Northgard is an interesting mix of real-time and turn-based 4x strategy with an emphasis on a viking setting. The gameplay is familiar right out of games, making it more accessible than many strategy games, but as Northgard continues through its campaign, it reveals more layers and nuance as you juggle your resources against the need for expansion.
We start things off with a fairly standard story of revenge as our primary protagonist in the campaign is the sole survivor of an attack that killed his father and much of his clan’s leadership. He finds himself in a remote location trying to rebuild his kingdom so he can deliver some deserved retribution on his foes. Admittedly, the narrative is not terribly deep, but it gets the job done and does a nice job of introducing new gameplay elements over time as well as exposing you to the different tribes in the game.
These clans or tribes each have their own advantages. For example, one of the clans has an easier time raising happiness if you meet certain conditions in your areas. There are six clans in total, and they all have their own unique flavors that break up what could otherwise have become a somewhat redundant campaign as it forced me to consider how I wanted to tackle each map. The objectives were always somewhat straightforward, and as long as I gave my initial plan a bit of thought, never really all that difficult to advance through.
Having recently played another strategy / simulation game heavily recently (Frostpunk), I found it interesting that in Northgard, things get their diciest when winter is mixed into the scenario. Not only does it make resources much harder to come by, but I found myself going through said resources as well, putting a heavy emphasis on preparation before those frigid months roll in. Generally speaking, the events that occur provide some challenge, and they can certainly throw off the carefully made plans I had going in, but I was almost always able to recover from those surprises once I had a firm grasp on the game’s mechanics.
It helps that the game’s tutorials, especially in the beginning are quite clear as they lead you from one objective to another, explaining how things work along the way. One of the best aspects of the game is that your citizens are blank slates. You can pretty much use them in whatever capacity you like, from working in a market, to becoming lumberjacks to training as warriors. Like many 4x titles, you can win a variety of ways in the skirmish / non-campaign modes, so having the flexibility to make your units into whatever you want is a nice touch.
Visually Northgard is a bit of a mixed bag, as the cut scenes are pretty generic in appearance, but the actual maps themselves are pleasantly designed and colored, if not overly detailed. Units are a bit on the small side and easy to lose track of, but the landscapes and larger buildings are actually quite nice to look at. The music is fitting if not terribly memorable and there is little spoken dialog to be had along the way. Not that it probably matters too much, since the dialog was pretty bland the majority of the time and did not always feel like it fit with the viking setting. The revenge tale is alright to kick things off, but honestly the story never really held my interest. It was just an excuse to go out and experience what the different clans can do as I trekked through the campaign. I was far less interested in what would happen next in the story than I was in seeing what made the next clan different from the others.
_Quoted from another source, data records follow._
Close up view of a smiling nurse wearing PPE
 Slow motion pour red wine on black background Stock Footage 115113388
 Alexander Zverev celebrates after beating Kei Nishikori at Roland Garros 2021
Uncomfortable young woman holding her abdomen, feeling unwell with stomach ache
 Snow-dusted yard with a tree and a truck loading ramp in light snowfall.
Once I worked through the campaign, it was time to try out the multiplayer and skirmish modes. Basically these are the more open, sandbox-like settings as opposed to the objective-structured campaign mode. I am not usually a big fan of multiplayer 4x due to how time-consuming they can be, but Northgard has a nice pace to it due to its mixture of turn-based and real-time elements. The AI from the computer controlled clans can be a bit sketchy at times, but more often than not they make reasonable decisions. The menus could be a bit of a hanging point here, as the game was clearly designed for a keyboard and mouse on a PC. Overall it translates pretty well here, but every now and then I found myself hitting the wrong button or direction and having to back out of a structure I had no intention of building. It is probably as good as one can hope for a game of this title, and I am happy to see proper strategy games get the chance to come over to a console.
As you get deeper into your sessions and your lands start to spread out, the micromanagement can be a little bit of a chore, as is just about always the case for these types of games. I was a bit surprised at how manual combat is – it is almost always intentional and while you can let it coast automatically, the results are usually not as good as if you have a bit of manual intervention. At its base, your warriors will smack around whatever is closest to them, which makes knowing what angles you are attacking a region from pretty important and best not left to AI.